## Work to complete:
Write out all the entries word for word, but skip any images.
◆ ◆ ◆ ◆
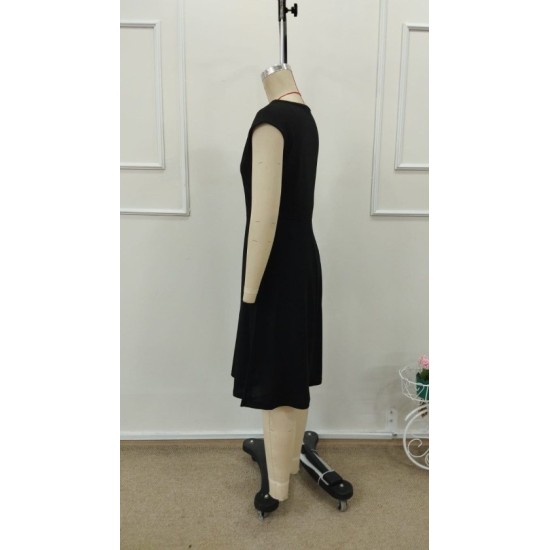 Kadın Yarım Ay Kollu Yakası Acık Kemersiz Midi Ithal Krep Elbise, 32892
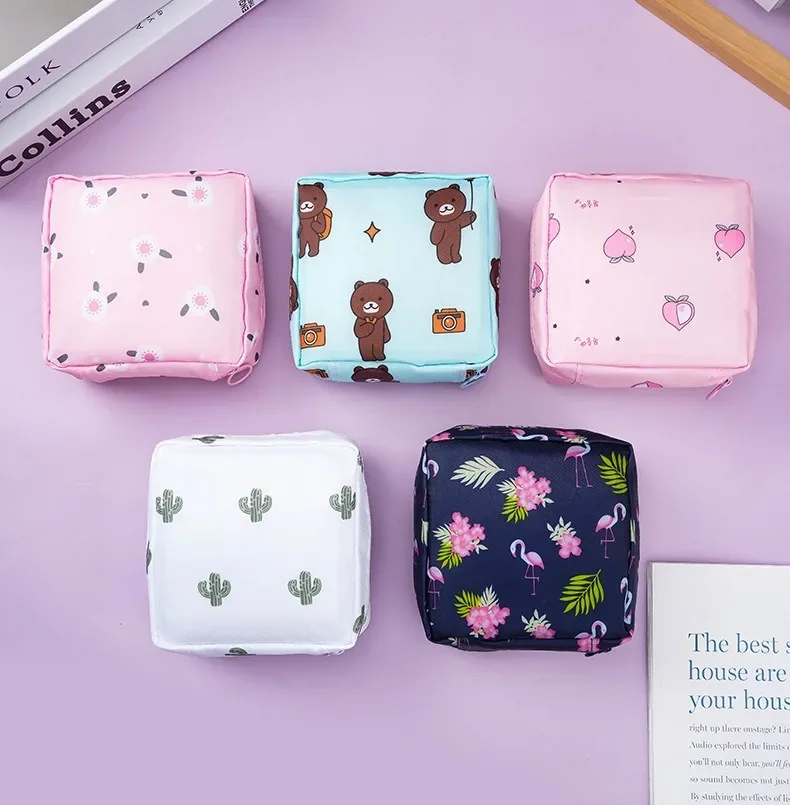 

Cute Large Capacity Sanitary Napkin Storage Bags Women Girls Physiological Period Washable Waterproof Portable Organizer Bag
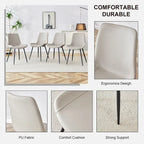 Set di 4 sedie da pranzo, sedia da pranzo familiare con schienale in pelle, comoda sedia da cucina con cuscino extra largo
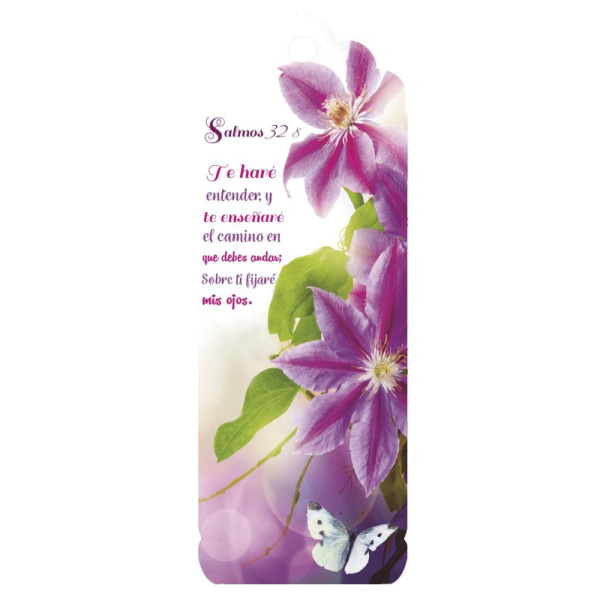 Separador 3d flores moradas Salmos 32:8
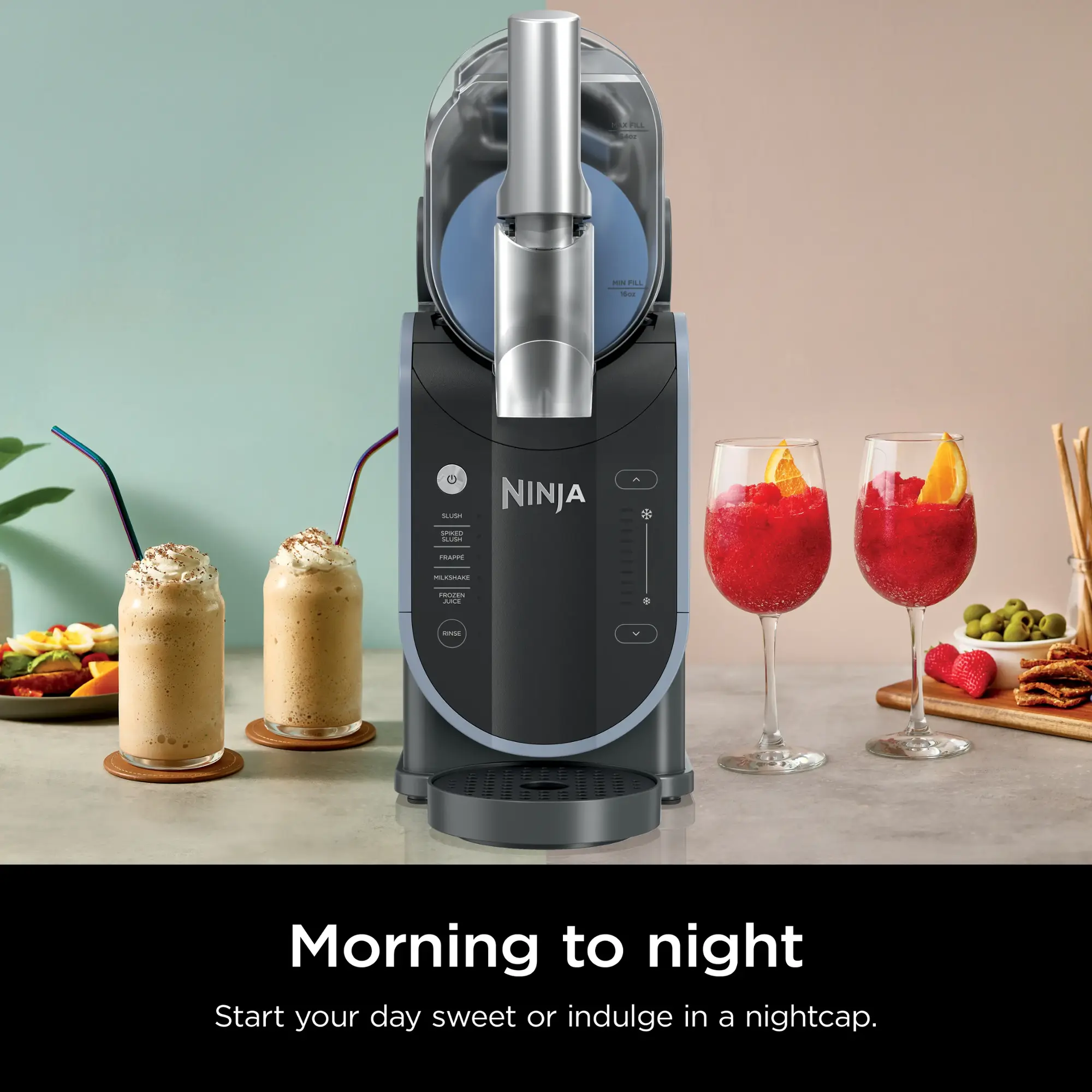 Ninja - SLUSHi 5-in-1 Professional Frozen Drink Maker, 88 oz. Frozen Drink & Slushie Machine, 5 Preset Programs - Artic Blue & Gray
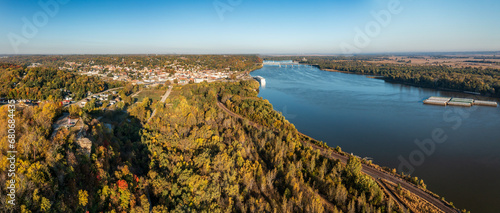 Aerial view of the city of Hannibal in Missouri from Lovers Leap overlook with Mississippi River and cruise boat photo
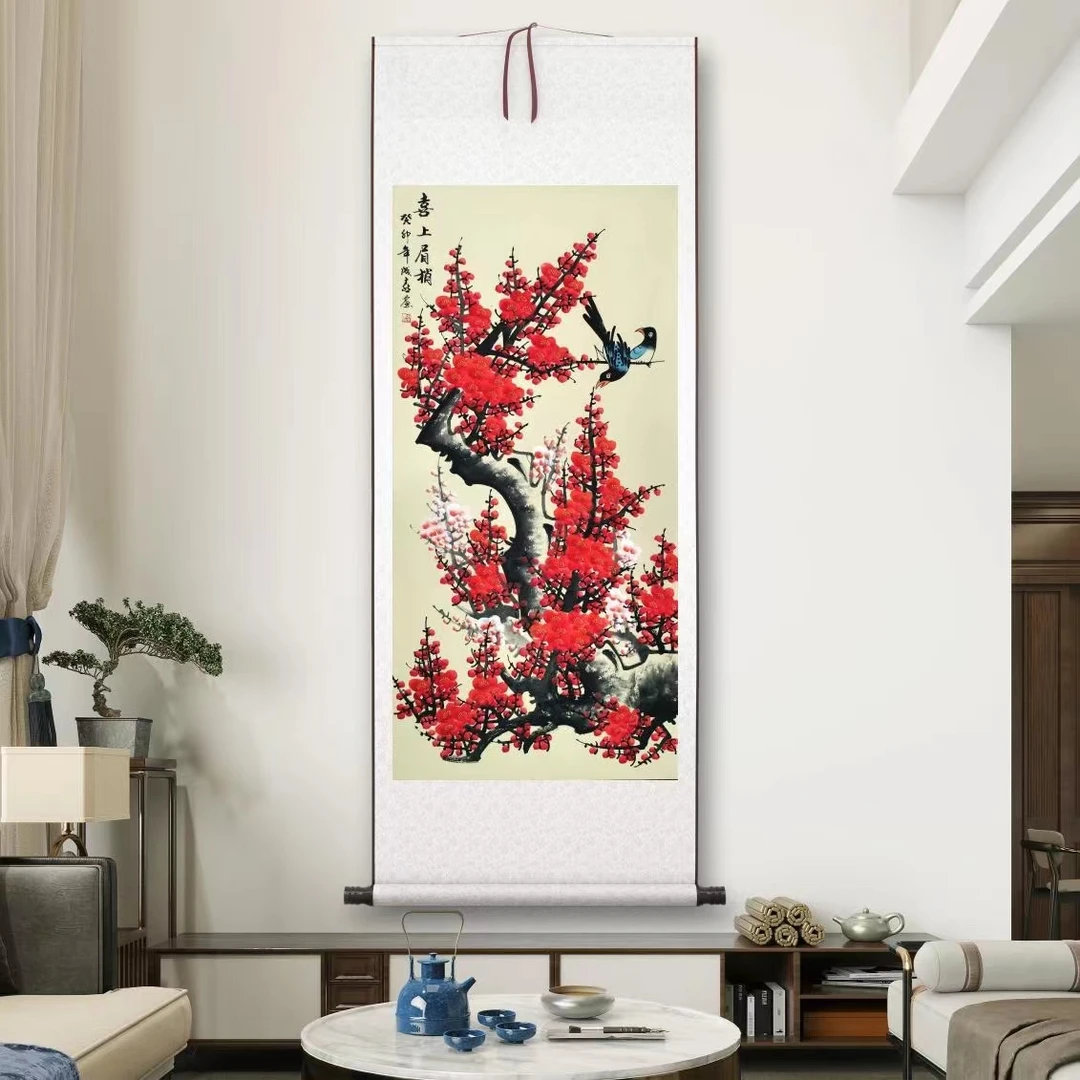 国画（170*73）手绘真迹梅花喜上眉梢卷轴装裱四尺立轴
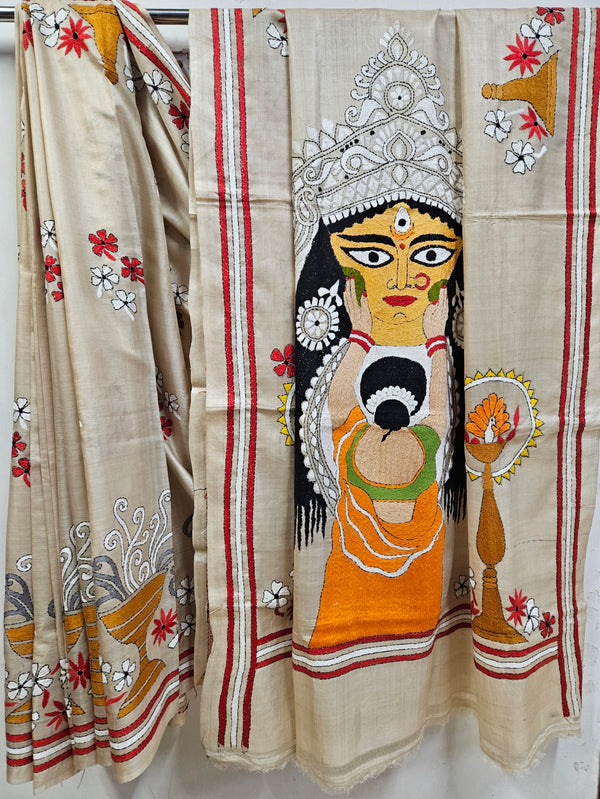 A Balaram Saha Original: Maa Durga Hand-Stitched Kantha Tussar Silk Saree Balaram Saha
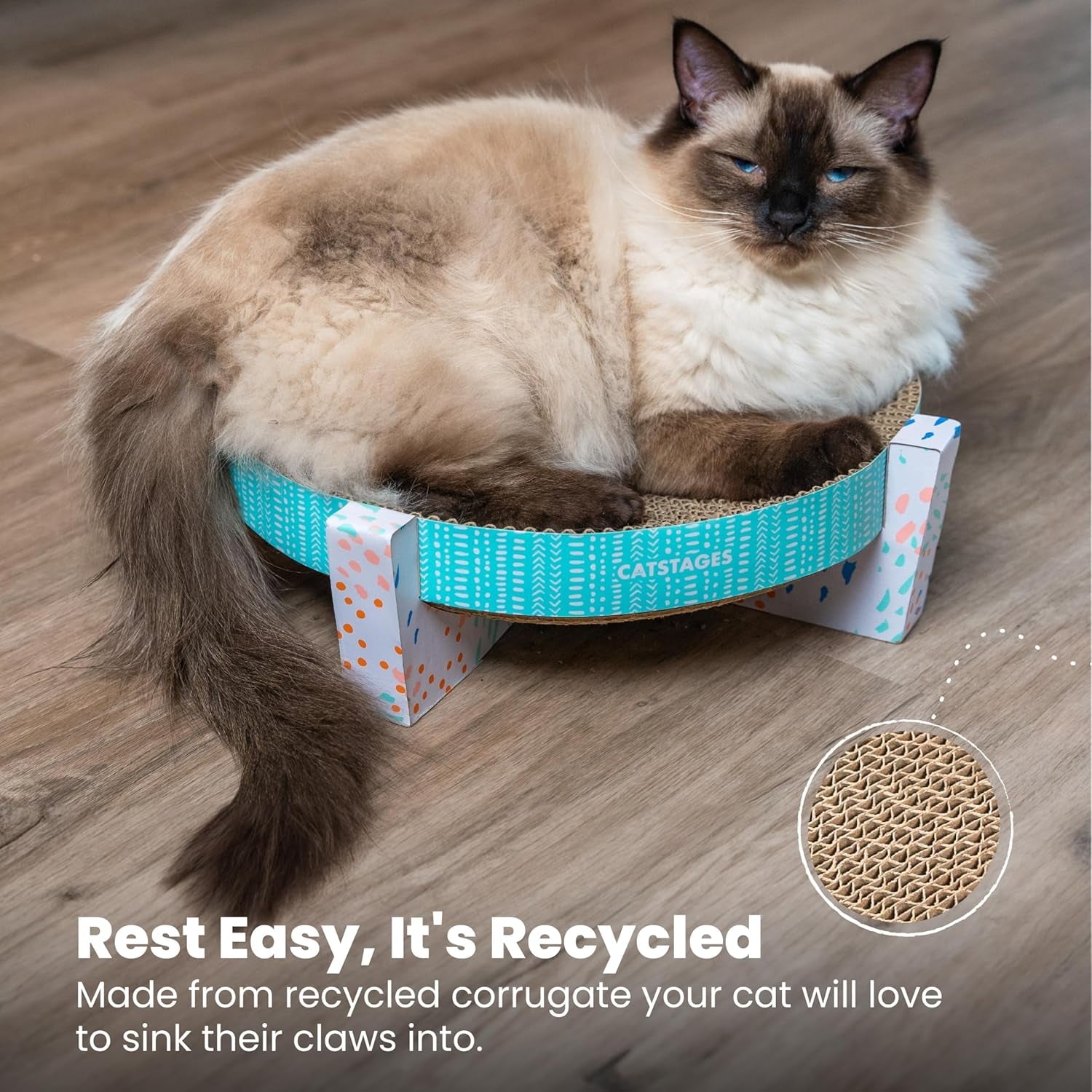 catstages-scratch-snuggle-rest-2-in-1-indoor-cat-scratcher-elevated-cat-lounger-catnip-included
◆ ◆ ◆ ◆
## Exercise solution:
 Kadın Yarım Ay Kollu Yakası Acık Kemersiz Midi Ithal Krep Elbise, 32892

Cute Large Capacity Sanitary Napkin Storage Bags Women Girls Physiological Period Washable Waterproof Portable Organizer Bag
 Set di 4 sedie da pranzo, sedia da pranzo familiare con schienale in pelle, comoda sedia da cucina con cuscino extra largo
 Separador 3d flores moradas Salmos 32:8
 Ninja - SLUSHi 5-in-1 Professional Frozen Drink Maker, 88 oz. Frozen Drink & Slushie Machine, 5 Preset Programs - Artic Blue & Gray
 Aerial view of the city of Hannibal in Missouri from Lovers Leap overlook with Mississippi River and cruise boat photo
 国画（170*73）手绘真迹梅花喜上眉梢卷轴装裱四尺立轴
 A Balaram Saha Original: Maa Durga Hand-Stitched Kantha Tussar Silk Saree Balaram Saha
 catstages-scratch-snuggle-rest-2-in-1-indoor-cat-scratcher-elevated-cat-lounger-catnip-included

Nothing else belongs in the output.